Quindi, va ad avvertire il proprietario del locale, Paul Colby. Ci potrebbero essere contestazioni, forse è meglio lasciar perdere - cerca di convincerlo, Colby. Ma Newbury è irremovibile: "e tu, chiama le squadre antisommossa!"
Tra il pubblico, per la serata ci sono Joan Baez, Odetta, Cass Elliot dei Mama's and Papa's. Arrivò, ad un certo punto, anche Barbara Streisand che, rivolta a Kris Kristofferson, cercava di convincerlo ad andare da qualche altra parte, ma Kris insistette perché rimanessero. Non aveva torto.
Newbury attacca con la chitarra il tema di Dixie, rallentato e arpeggiato quasi fino a renderlo irriconoscibile. Poi, la voce sommessa comincia, struggente e quasi ossessiva ...

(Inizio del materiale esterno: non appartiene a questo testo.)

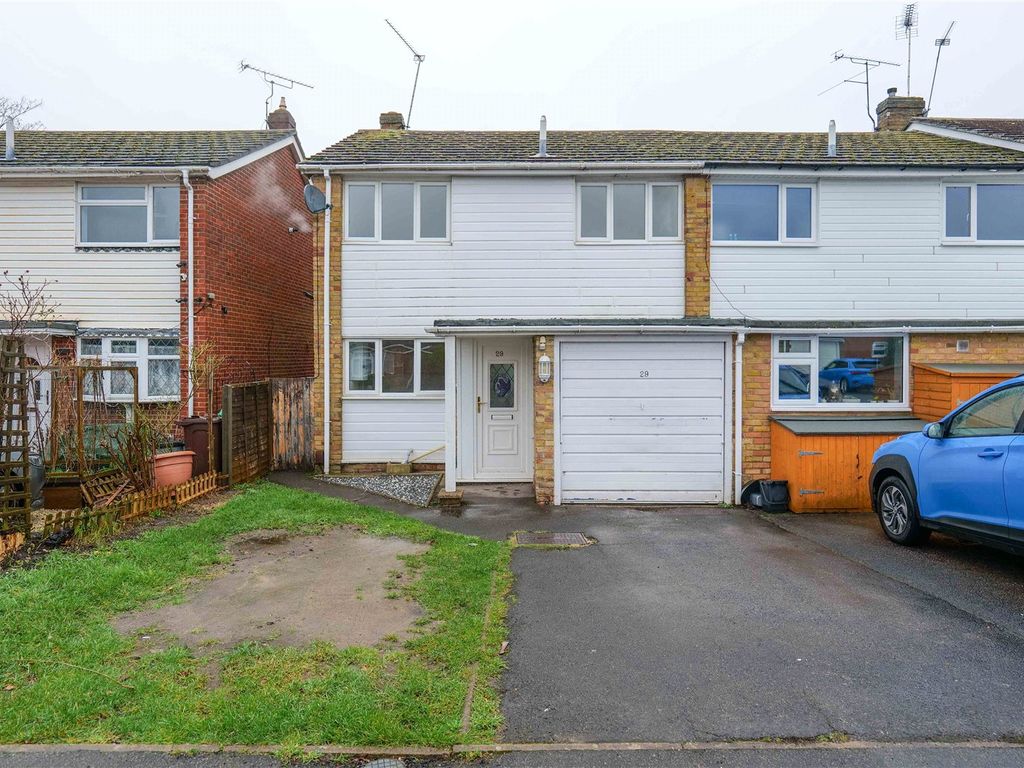 3 bed end terrace house to rent in Bathurst Road, Winnersh, Wokingham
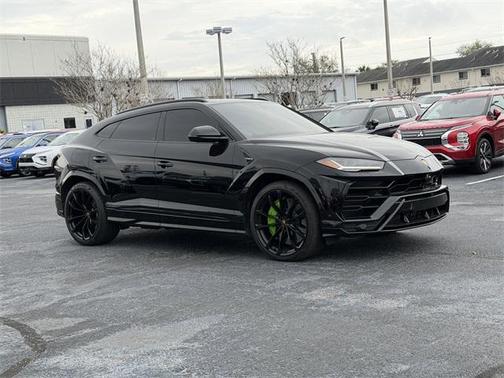 2022 Lamborghini Urus 
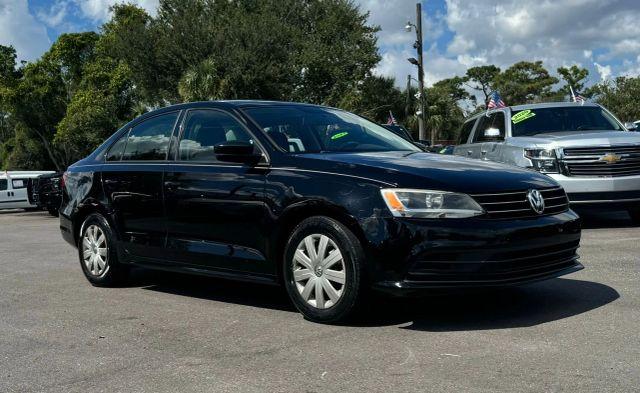 VOLKSWAGEN JETTA - Thumbnail 4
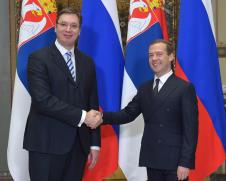 medvedev-vucic-foto-ap-okt-2015-1.jpg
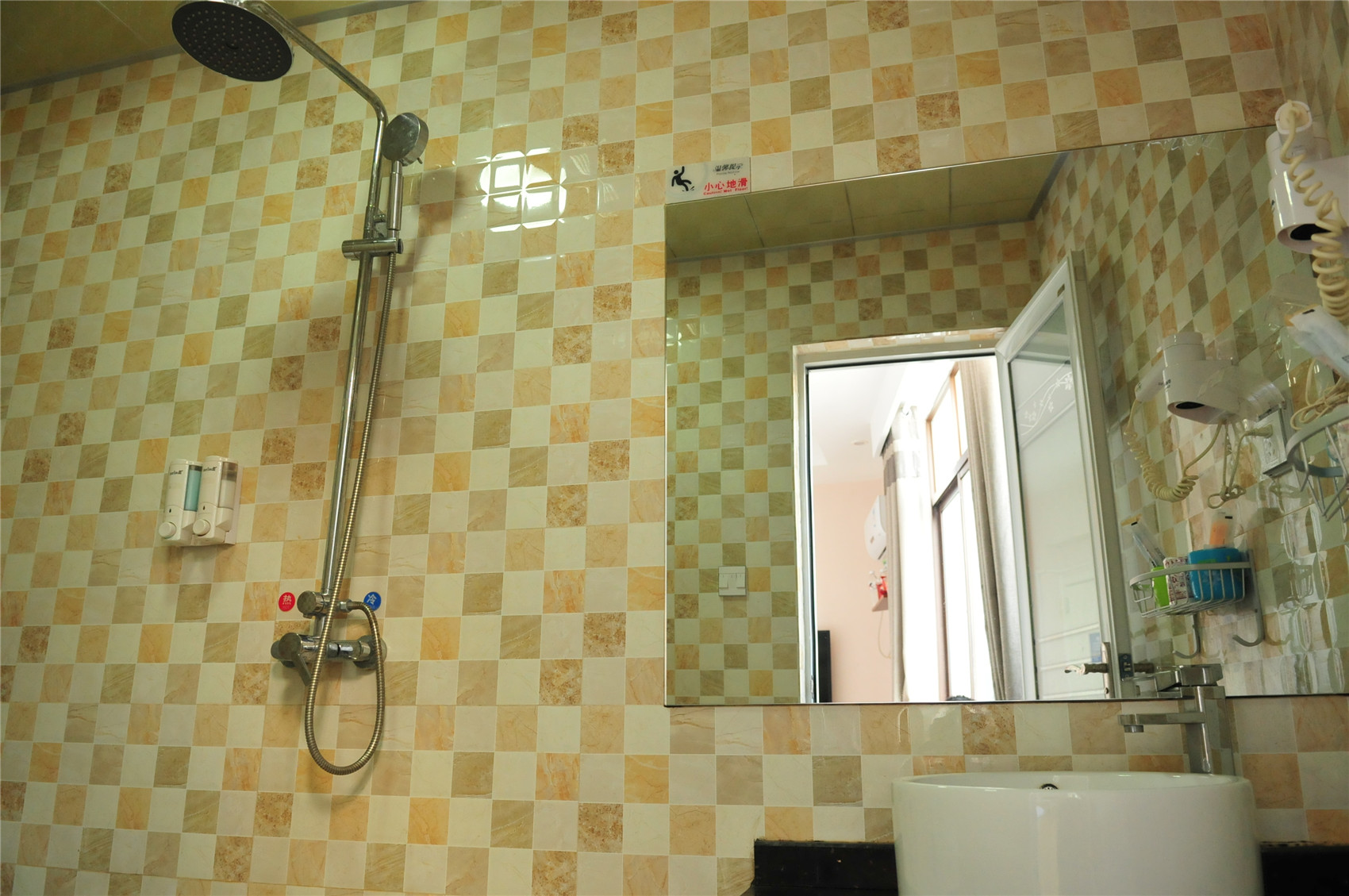 CLOUDS YUNLiansuo Yijia Hotel 2*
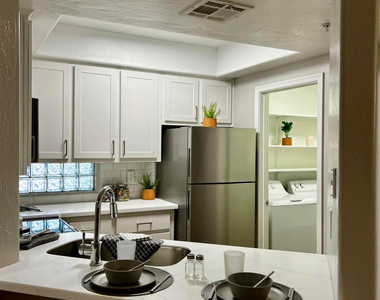 7333 E Chaparral Road - Photo Thumbnail 8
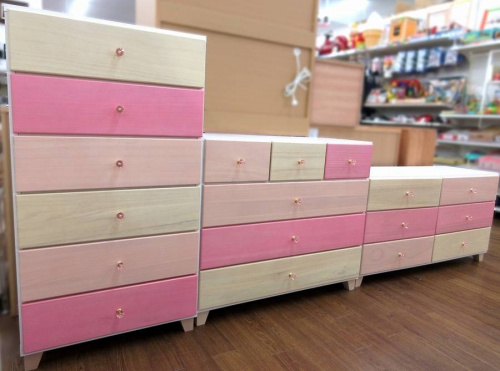 家具のチェスト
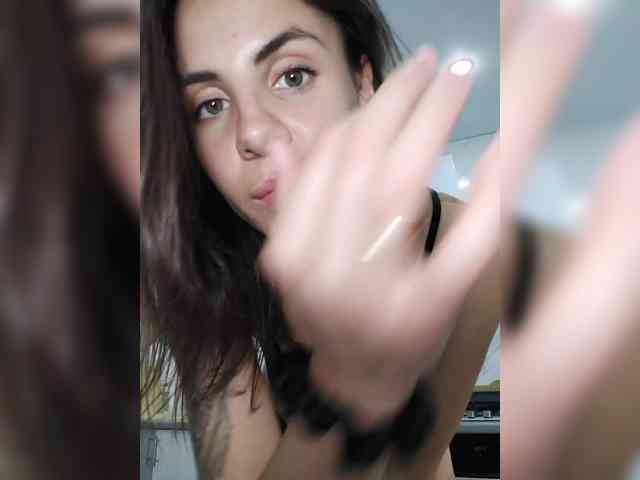-EmilyJones- webcam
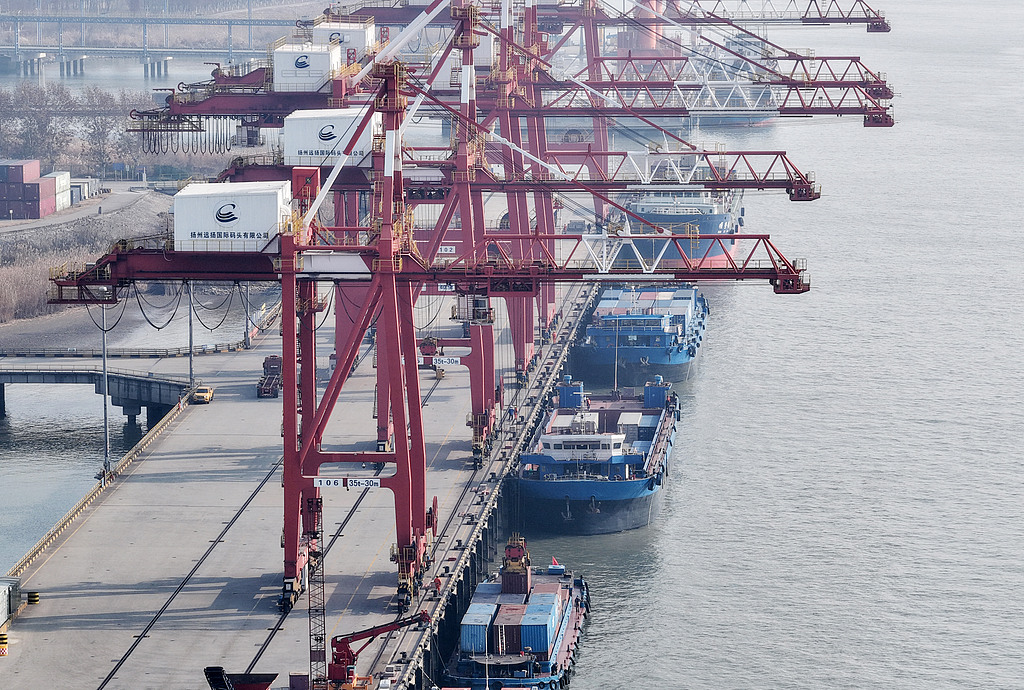 江苏扬州：港口集装箱货物有序装运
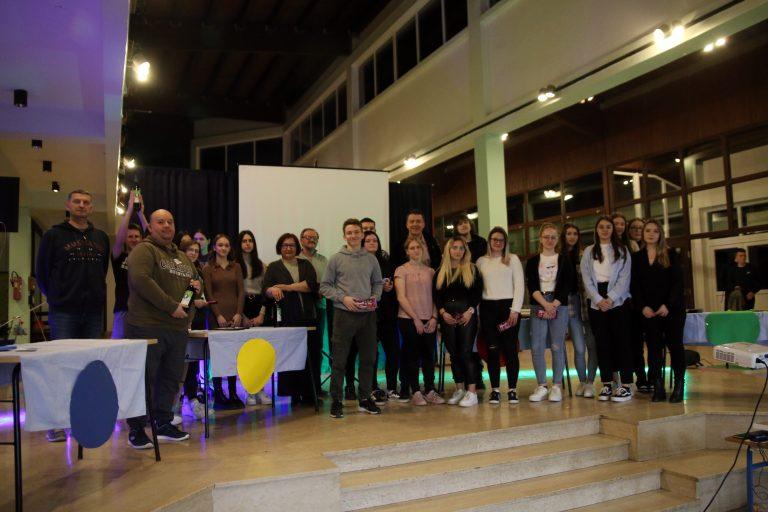 Kviz učenika i profesora (1)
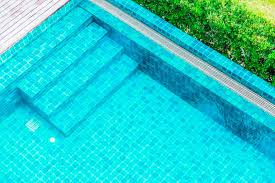 7 Beautiful Pool Tile Ideas That Stand
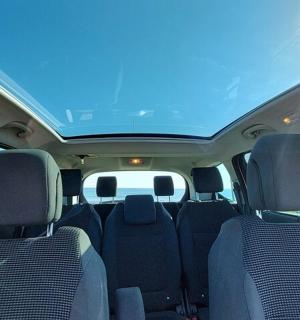 汽车后座的后视图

Oh I wish I was in the land of cotton
Old things they are not forgotten
Look away, look away, look away Dixieland
Oh I wish I was in Dixie, away, away
In Dixieland I take my stand to live and die in Dixie
Cause Dixieland, that's where I was born
Early Lord one frosty morning
Look away, look away, look away Dixieland

Non si sente più alcun altro suono per tutta la sala. Odetta, la famosa folk-singer nera, rimane seduta in prima fila con le lacrime agli occhi. Mickey Newbury alza la testa e la vede. E' un tutt'uno, guardarla e proseguire con la canzone di quelli che stavano, stavolta, dalla parte giusta ...

Glory, glory hallelujah
Glory, glory hallelujah
Glory, glory hallelujah
His truth is marching on

Solo, appena un lampo. Poi, dopo, conclude la sua trilogia americana con i versi e le note di una ninna nanna, All my Trials, la ninna nanna degli schiavi giamaicani, la canzone che era stata adottata dal movimento dei diritti civili, cantata da Pete Seeger e da Joan Baez. "Taci bambina non piangere ..."

So hush little baby
Don't you cry
You know your daddy's bound to die
But all my trials, Lord will soon be over

Alla fine, sono tutti in piedi ed applaudono. Ha avuto ragione, Mickey Newbury, ed ha toccato le corde giuste. Lo ha fatto, come sapeva fare Woody Guthrie, prima di lui, e come saprà fare Bruce Springsteen, dopo di lui.